O Ministério Público do Maranhão (MPMA) e a Ordem dos Advogados do Brasil (secção Maranhão) podem receber nos próximos dias uma denúncia contra o secretário de Administração de Codó, Daniel Luís Silveira, por suposto exercício irregular da profissão de advogado. A denúncia deve ser apresentada por um requerente que já está ciente das práticas recorrentes do acusado.
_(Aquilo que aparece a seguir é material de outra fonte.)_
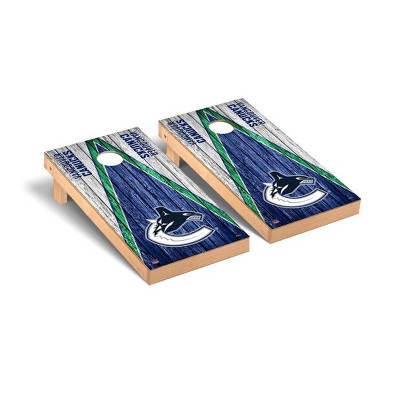 NHL Vancouver Canucks Premium Cornhole Board Weathered Triangle Version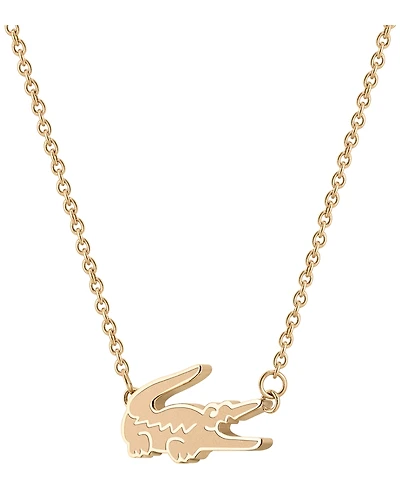 Lacoste Carnation Gold Tone Crocodile Necklace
De acordo com as informações, Daniel Silveira mantém a inscrição ativa na OAB/MA sem licenciamento, apesar de ocupar cargo incompatível com a advocacia, conforme o Inciso III do Art. 28 da Lei 8.906/1994 (Estatuto da OAB). Entre janeiro de 2025 e maio deste ano, ele figurou em mais de 60 processos judiciais, utilizando um registro que, de acordo com a legislação, deveria estar temporariamente suspenso.
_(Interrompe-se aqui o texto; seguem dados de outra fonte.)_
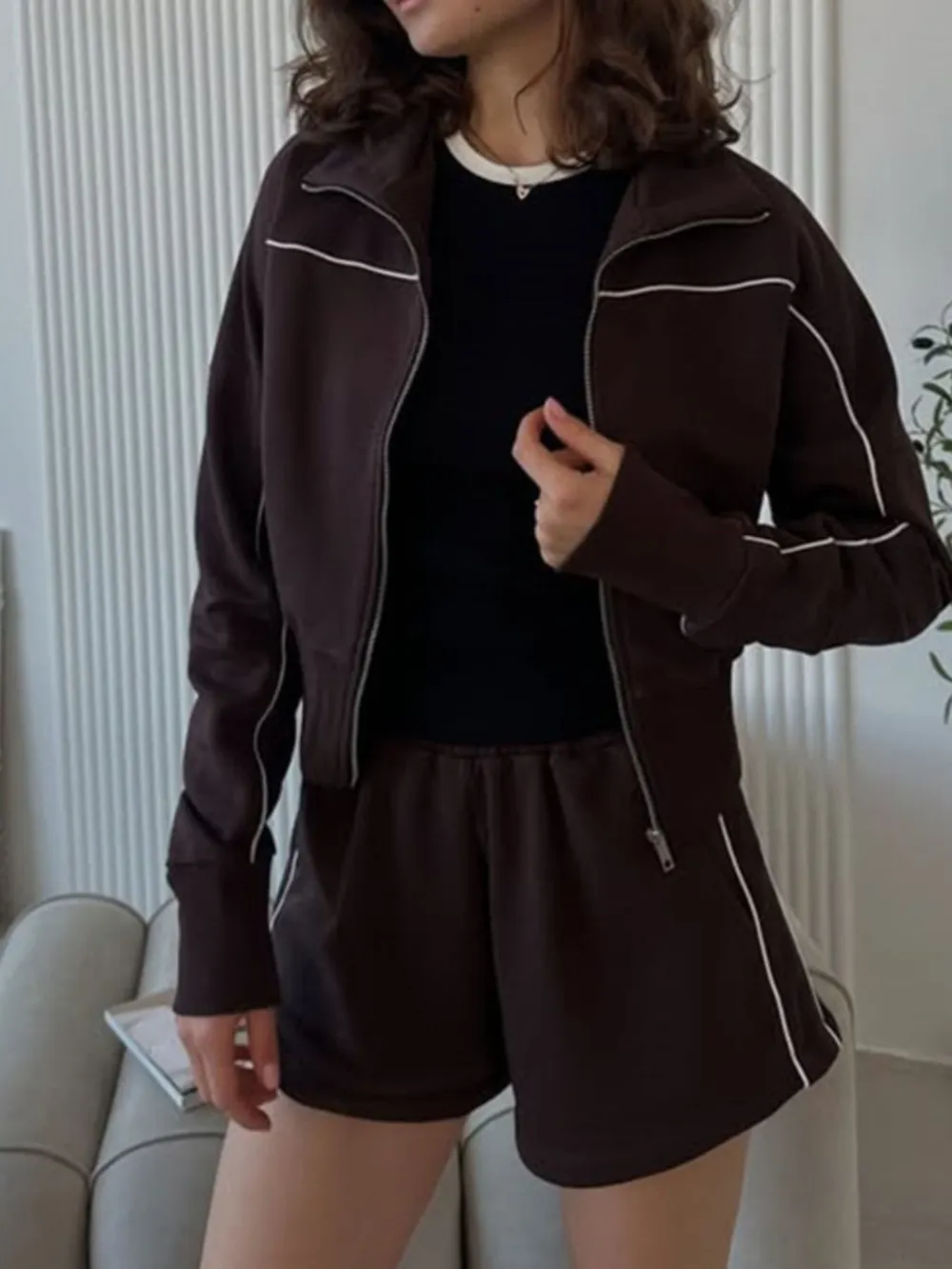 Zip Up Long Sleeve Top and Shorts Set, image 16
Além disso, cópias de documentos disponíveis no Diário Oficial ou Portal da Transparência da Prefeitura de Vargem Grande, revelam que, mesmo em situação de “incompatibilidade” para exercer a profissão, Daniel Silveira mantém contrato anual de R$ 143 mil com o Instituto Municipal de Aposentadorias e Pensões (IMAP).
O mais curioso, porém, é que, mesmo recebendo mensalmente R$ 13 mil dos cofres da previdência vargem-grandense, Silveira ainda mantém sua esposa, a vereadora Monamara Reis, como integrante do conselho da autarquia responsável pela gestão da previdência dos servidores públicos municipais.
Monamara faz parte do colegiado como membro titular, representando o Legislativo. Apesar de atualmente essa função não ser remunerada, o cenário pode mudar caso a Câmara aprove uma lei que autorize o pagamento de jetons aos integrantes do conselho municipal de previdência.